One of my pet peeves is the obligatory giant dent in the subframe on almost all c2 & C3 Corvettes (and first gen Camaros) caused by using a floor jack without a 2x6 on top of the jack. My spare frame is no exception. I repaired that dent 12 years ago before putting my Z back together. Took the same approach on this one, except that I welded in a couple supports and welded a long piece of steel to the underside of the plate after getting it back into the right shape. My reinforcement metal is almost double the thickness of the frame metal. My hope is that even if some moron jacks it up by the subframe, it won't bend again. You can see I got good penetration on the welds.
Not quite done yet, but got it roughed in. Sorry; forgot to take a "before" pic. Trust me; it was hideous.

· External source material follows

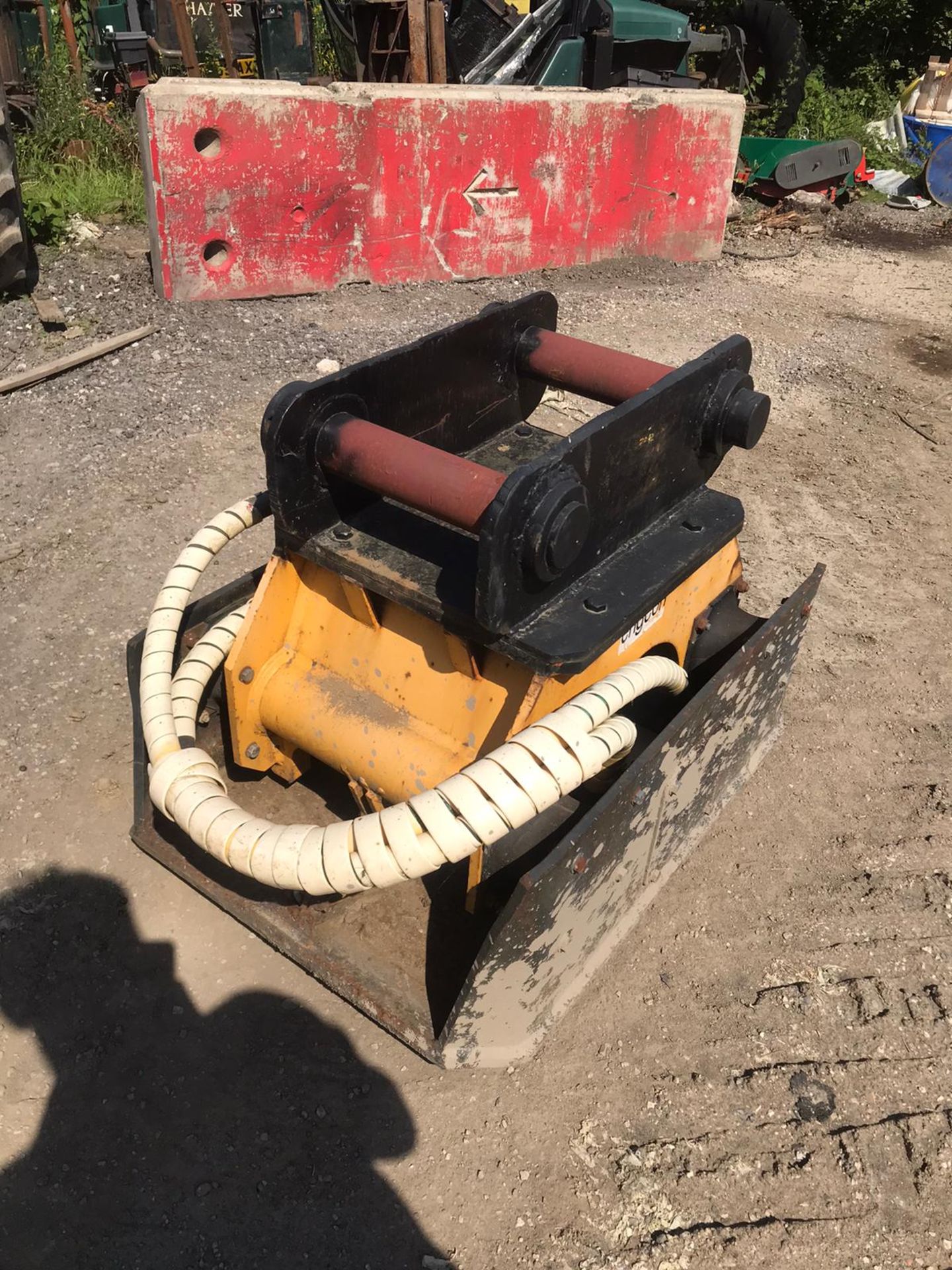 ENGCON WACKER PLATE, BELIEVES TO WORK, 80MM PINS, SUITABLE FOR 20-24 TON EXCAVATOR *PLUS VAT* - Image 2 of 4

Also; after working for 8 hours on Corvette stuff, I pulled the distributor in the Spitfire and ran the oil pump with a drill. Now has oil pressure when cranking!!! Will post in that thread.

dykstra
05-12-2024, 12:02 PM
Pretty slick reinforcement!

Lynn
05-31-2024, 04:16 PM
Have not posted on this thread in a while. Been handling some projects for Sherri. I did get to clean up each of the two frames I have here. I need some help from the Corvette experts.

I have sought help from the Judging Manual on this. No mention.

I know that the part number and date of assembly of the frame was stenciled on an outer rail. I found evidence; although hard to read.

I also know that, although the manual is SILENT on the VIN or partial VIN stamping on the frame, folks have posted pics of the VIN being stamped on top of the driver side frame rail just in front of the rear axle. I have two frames here, and NO EVIDENCE on either one of any VIN, whole or partial. One is pretty rusty, but not up on top. The other is not rusty at all, but still no evidence of a VIN.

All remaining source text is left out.